Comme l’aurait chanté Georges Brassens : «J’ai le plus bel amandier du quartier, et pour la bouche gourmande des écureuils de Montpellier, j’fais pousser des amandes, le beau le joli métier.» Mais après la canicule estivale désormais rituelle, l’hiver avance sans pluie. Je crains pour la santé du grand arbre, dont une branche basse m’apparaît sans vie. Allons-nous bientôt devoir irriguer les arbres urbains, afin qu’ils puissent survivre, nous ravir de leurs frondaisons et atténuer quelque peu les fournaises estivales ?

La pratique est d’ores et déjà courante en Californie, région de tous les excès au climat similaire à celui de nos régions méditerranéennes. Mais comment réagit un arbre d’une région aride quand il reçoit de l’eau toute l’année ? Peter Ibsen de l’université de Californie à Riverside et ses collègues ont étudié la question à Los Angeles, mégapole infernale mais non dénuée d’arbres (1). Ils ont sélectionné 30 espèces locales ou importées des quatre coins du monde, désormais les plus plantées dans les rues de la région. Parmi elles, le chêne de Californie, le sycomore, le micocoulier, l’orme de Chine, le jacaranda, l’eucalyptus ou le frêne tropical.

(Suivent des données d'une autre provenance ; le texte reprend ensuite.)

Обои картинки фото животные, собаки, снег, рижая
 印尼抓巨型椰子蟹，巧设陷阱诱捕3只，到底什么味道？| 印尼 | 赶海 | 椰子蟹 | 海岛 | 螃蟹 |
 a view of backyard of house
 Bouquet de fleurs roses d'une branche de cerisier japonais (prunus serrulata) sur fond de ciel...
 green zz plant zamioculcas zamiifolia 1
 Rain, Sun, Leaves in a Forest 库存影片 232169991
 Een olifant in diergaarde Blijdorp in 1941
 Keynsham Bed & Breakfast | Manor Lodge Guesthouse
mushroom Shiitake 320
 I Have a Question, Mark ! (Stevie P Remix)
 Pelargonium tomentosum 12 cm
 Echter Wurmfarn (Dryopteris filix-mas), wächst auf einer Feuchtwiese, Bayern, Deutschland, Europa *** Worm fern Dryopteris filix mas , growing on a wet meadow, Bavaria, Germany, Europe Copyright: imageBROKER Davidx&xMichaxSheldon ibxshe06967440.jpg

Avec l’aide des naturalistes de chaque quartier, les chercheurs ont identifié 363 spécimens de ces 30 espèces, tous irrigués, et leur ont rendu visite à de multiples reprises. Ils se sont intéressés aux caractéristiques des feuilles et du tronc des arbres, indicatrices des flux d’eau au sein de ces organismes vivants. Ils ont notamment mesuré la taille et l’épaisseur des feuilles, ainsi que la taille et la densité de leurs stomates, les pores minuscules qui permettent aux plantes de respirer. Les scientifiques ont également mesuré la pression nécessaire à la circulation des fluides dans les feuilles. A cet effet, ils ont utilisé un procédé inventé dès 1721 par Stephen Hales, prêtre anglican et néanmoins physiologiste génial : la feuille est enfermée dans un bocal, sa queue traversant un couvercle étanche. Le volume intérieur est mis graduellement sous pression, jusqu’à ce qu’une goutte de sève perle à l’extrémité de la queue restée à l’air libre. Plus cette pression critique est élevée, plus l’eau peinera à circuler dans les feuilles.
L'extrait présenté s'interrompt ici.